Still, there are numerous projects in this year’s Regional selections from New York City that clearly transcend the run-of-the-mill. And despite all the possibilities enabled by new technology and the modern-day aesthetic smorgasbord, sometimes the simplest designs are the most captivating. HarperCollins designer Milan Bozic demonstrates that perfectly in his cover for the novel The Average American Male, as does Trollbäck + Company in packaging for the firm’s DVD reel. Both pieces feature Helvetica titles set against single-color backgrounds—an assemblage one could easily have made in the era of paste-up and mechanicals.
Bozic’s series of exquisite, lyrical compositions for Ecco 7, a HarperCollins imprint that publishes English translations of foreign novels, look as though they were silk-screened (they weren’t). Bozic created the ingenious images through a labor-intensive combination of Photoshop manipulation, collage, and multiple Xerox distortions. “It was all built by hand, and I took into consideration exactly what the silk-screening process does as far as registration, transparency, and whatnot,” he explains.
Rob Hewitt was art director at Premiere until the magazine folded for financial reasons after its April 2007 issue. Hewitt is now freelancing on magazine design projects. He’s been getting requests for layouts that are “modern,” and that also function well for service-oriented sections that need to convey maximum information and imagery in a minimal area. While he admits that there is some ambiguity about what “modern” can mean, he says, “I think white space seems to be a good motif for ‘modern.’ In almost every publication now, pages do a lot more work than they used to do. So if you can incorporate something that the reader can navigate easily, especially in terms of letting the eye rest—perhaps that’s modern.”
Regional stalwarts like Mucca Design and MTV continue to demonstrate their savvy design sensibility in this year’s entries. So does Bloomberg (the news and financial-services company, that is), which, for several years now, has established an aesthetic cachet more often associated with a fashionable clientele than with finance. The sharply crafted promotions created by the company’s in-house design team—including an invitation to a Halloween Ball and a series of multicolored notebooks—showcase Bloomberg’s brand identity. “We’re trying to make sure that what our clients see is something that’s very different and very creative,” says Allison Jeffery, team leader for Bloomberg’s designers.
Bloomberg is also one of the companies whose submissions speak to the ever-increasing focus on the global environment and the effort to design more sustainably; its designers use and investigate ecologically responsible inks, papers, and materials.
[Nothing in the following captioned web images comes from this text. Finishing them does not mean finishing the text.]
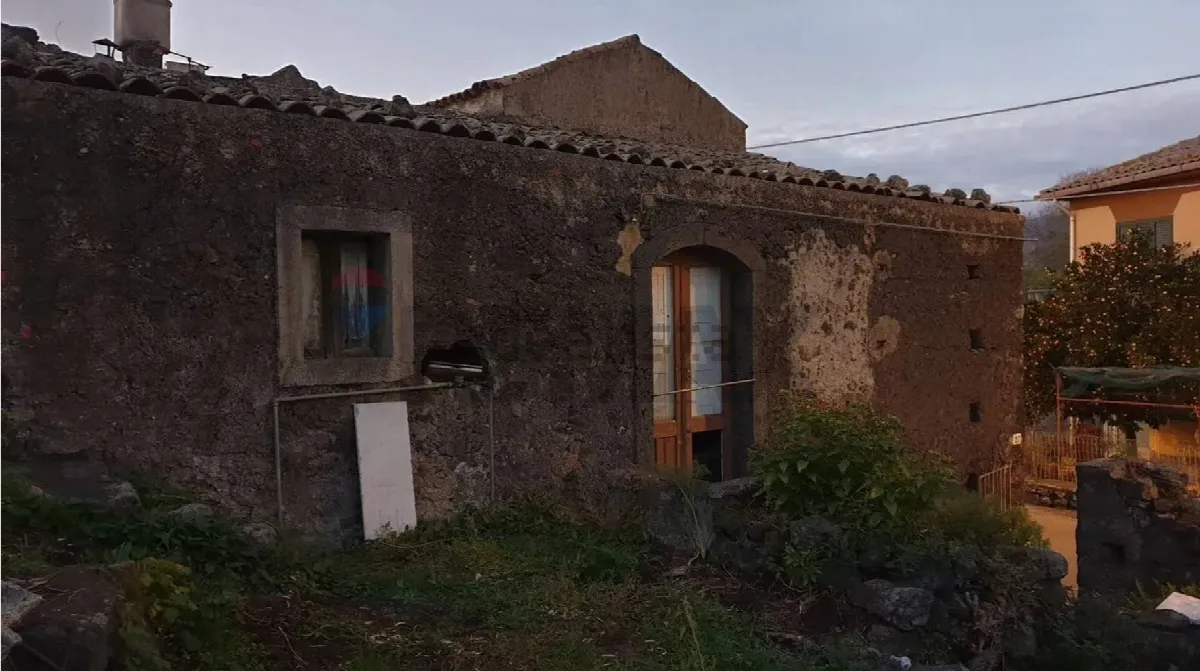 Rustico/Casale in vendita a Castiglione di Sicilia - foto 5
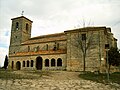 Miniatura para Iglesia de Nuestra Señora de la Asunción (Tamajón)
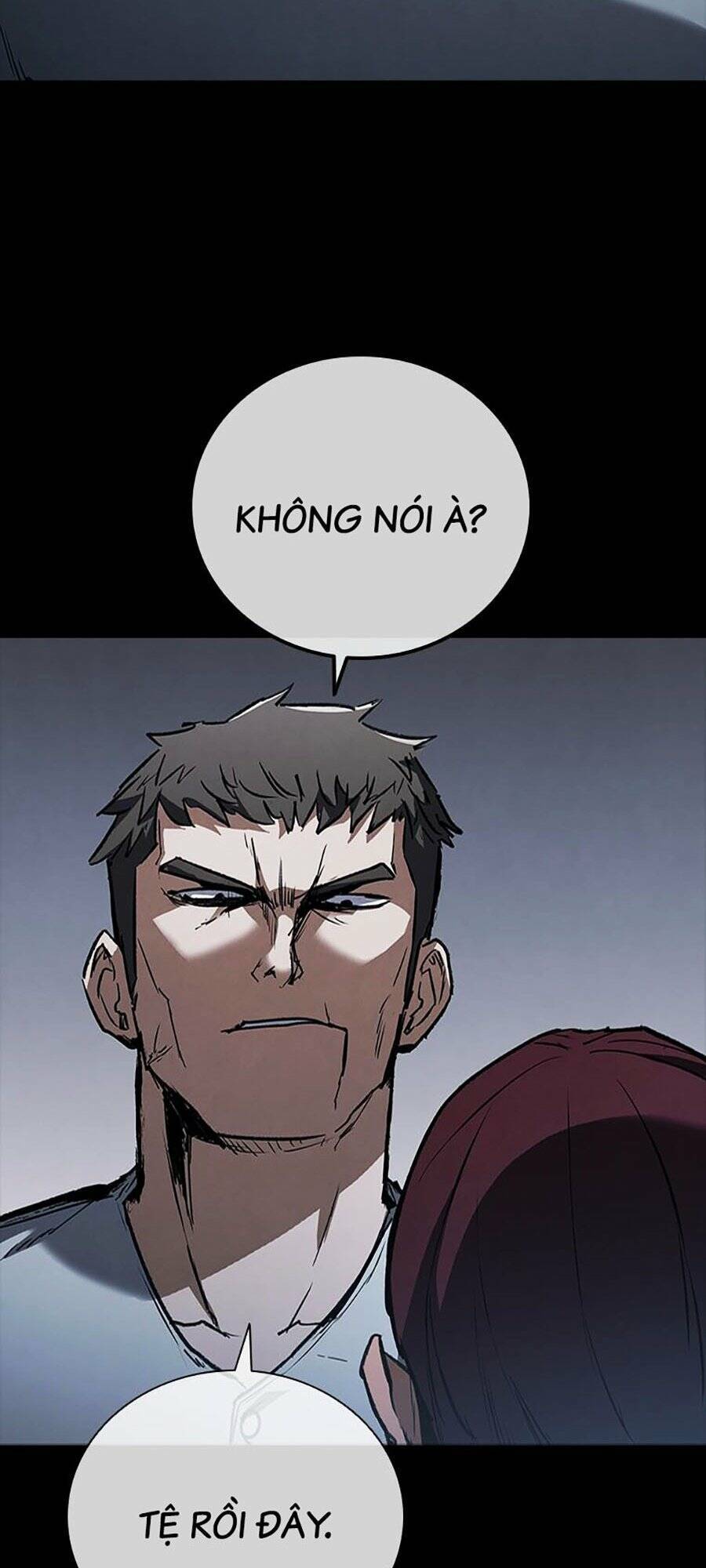 Cá Mập Wyvern Chapter 30 - Trang 2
This initiative has required a great deal of research and education. “There are a lot of things we did not know,” admits Raquel Tudela, manager of the design department. “We’re learning about the materials that come from recycled pieces, their textures, how we can print on them—or if we can print on them—and if they can be recycled after being printed. We’re trying to push in that direction.”
Paula Scher reveals that the sustainability ethos is similarly evident in a forthcoming, top-secret packaging project for Coca-Cola that will use “every means available to make sure the materials do not contribute to the carbon footprint.” She concludes: “I think that anything that’s mass-produced, in a really profound way, has to be green.” If local design leaders like Pentagram are making the environment central to their creative process, perhaps the next great leap forward will be the true mainstreaming of eco-design.